The warning signs were there all along. Arriving in Port Macquarie, a laid-back, sun-drenched town of some 45,000 where the Hastings River meets the Tasman Sea, my friend and I spied the bicycle helmets with long spikes jutting out of their plastic protective shells. Everywhere you went, cyclists were wearing them—a town full of two-wheeled Hellraisers.
That’s odd, we thought. Australian fashion sure is different. If only we’d known the truth of the matter.
We were in town to take in Port Macquarie’s beautiful coastal walk, a nine-kilometre one-way trek through beach and rainforest. From May to November, humpback whales splash playfully in the warm waters offshore as they continue their migration from the feeding grounds of the Antarctic to their breeding grounds farther north. Along the trail—spanning eight beaches in total—1.5 metre-long goannas bask in the warmth of the sun, scurrying to the safety of the forest upon your approach. High up in the trees, koalas munch lazily on eucalyptus leaves. It’s the kind of place you’d imagine Steve Irwin must have loved.

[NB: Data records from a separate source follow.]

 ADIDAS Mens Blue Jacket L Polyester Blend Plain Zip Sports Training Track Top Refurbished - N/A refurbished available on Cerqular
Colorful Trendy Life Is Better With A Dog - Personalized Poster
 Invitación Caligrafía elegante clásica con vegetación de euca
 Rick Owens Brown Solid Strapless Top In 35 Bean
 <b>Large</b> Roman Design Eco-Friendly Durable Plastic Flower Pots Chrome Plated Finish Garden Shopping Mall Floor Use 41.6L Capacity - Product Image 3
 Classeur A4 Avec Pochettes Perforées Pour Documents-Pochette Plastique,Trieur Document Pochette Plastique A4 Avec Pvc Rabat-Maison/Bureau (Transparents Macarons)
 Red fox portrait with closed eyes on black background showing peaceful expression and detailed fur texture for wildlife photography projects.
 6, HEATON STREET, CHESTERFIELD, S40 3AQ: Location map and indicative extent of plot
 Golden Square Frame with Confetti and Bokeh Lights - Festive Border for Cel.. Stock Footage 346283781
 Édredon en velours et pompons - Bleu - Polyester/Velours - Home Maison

Legs tired and stomachs hungry after a day of sightseeing, we were walking back to our hostel when danger reared its head. It was innocuous enough at first: two masked lapwings taking flight in the distance. A mixture of brown and white, with black heads and yellow wattles, the birds are seldom larger than a seagull, but are known for being fiercely territorial of their nesting grounds—and like the clueless tourists we were, we had walked right into one. Lambs to the slaughter.

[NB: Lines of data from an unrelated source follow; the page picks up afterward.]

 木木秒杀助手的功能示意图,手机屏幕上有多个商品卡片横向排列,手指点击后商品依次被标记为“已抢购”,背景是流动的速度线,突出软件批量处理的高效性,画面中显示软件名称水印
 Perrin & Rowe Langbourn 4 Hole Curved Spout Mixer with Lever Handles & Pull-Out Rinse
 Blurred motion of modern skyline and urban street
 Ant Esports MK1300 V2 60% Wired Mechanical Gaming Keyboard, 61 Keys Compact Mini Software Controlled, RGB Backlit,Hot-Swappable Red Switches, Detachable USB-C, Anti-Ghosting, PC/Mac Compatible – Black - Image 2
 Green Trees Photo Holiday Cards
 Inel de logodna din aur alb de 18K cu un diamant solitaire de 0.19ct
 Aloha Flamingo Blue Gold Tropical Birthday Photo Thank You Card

The birds shrieked and squawked. Their eyes spelled murder. Death was in the air.
Like tandem kamikaze pilots, the lapwings dive-bombed the two of us in a series of attacks. We ducked and ran for cover, Hitchcock’s sixties thriller come to life. Human screams and bird calls became indistinguishable in the fray, one chorus of chaos building to a crescendo. As we made it to relative safety, heartbeats thumping in our ears, we realized one thing was missing: our sunglasses. They lay tantalizingly close in the grass, prisoners of our feathered foes. We tried edging closer, only to endure one winged assault after another.
They weren’t going to make it easy.
In an act of equal parts folly and courage, my friend let out a primal scream and made a mad dash into the fray, scooping up his shades. Mine were nowhere to be seen. I tried looking a few more times, to no avail—each time, being greeted with an aerial attack. I plotted my moves like an in-his-prime Barry Sanders evading tacklers, juking and pirouetting through the grass, eyes fixed on the ground for any glint of reflected sunlight. By the end, I was ready to give up and call it a day. To the victors go the spoils, as they say.

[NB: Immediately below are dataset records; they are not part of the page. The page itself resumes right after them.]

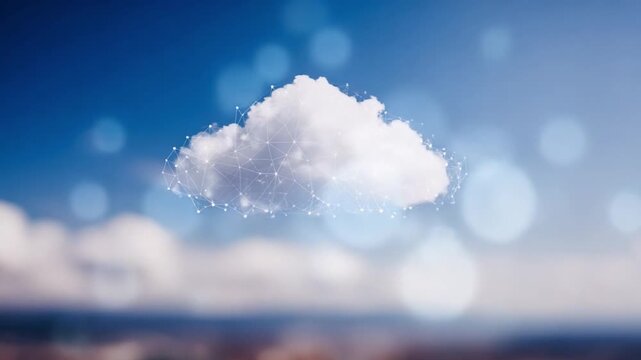 Cloud Nine Serenity: A fluffy cumulus cloud floats gracefully in a cerulean sky, embellished with ethereal bokeh, evoking feelings of peace and wonder.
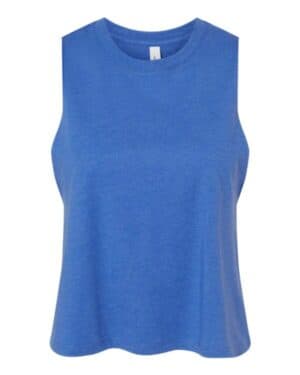 HEATHER TRUE ROYAL Bella canvas 6682 women's racerback crop tank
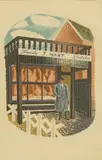 Eric Ravilious, Untitled, 'Family Butcher' lithograph in colours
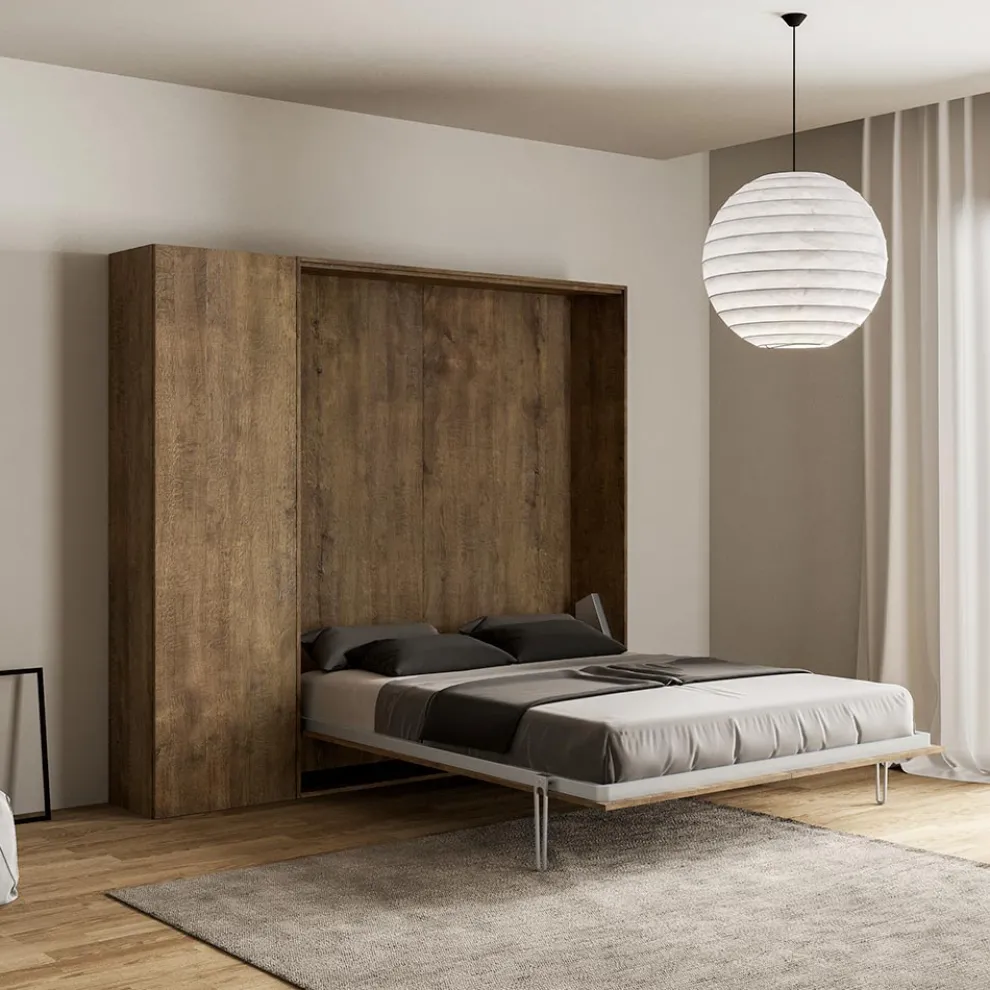 Queen-Size-Bett mit vertikalem Klappbett und Säule - Magiccompare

As we prepared to leave, we heard the sounds of laughter from across the street. A woman watching from the apartment building nearby walked over, still chuckling, and plucked my sunglasses from the ground, handing them to me. She said she’d finished having a good laugh and decided to put me out of my misery.
I walked away with my sunglasses that day, but my pride is still somewhere in the grass. All the more reason to go back.
This column appeared in the Calgary Herald on Saturday, May 12th, 2018.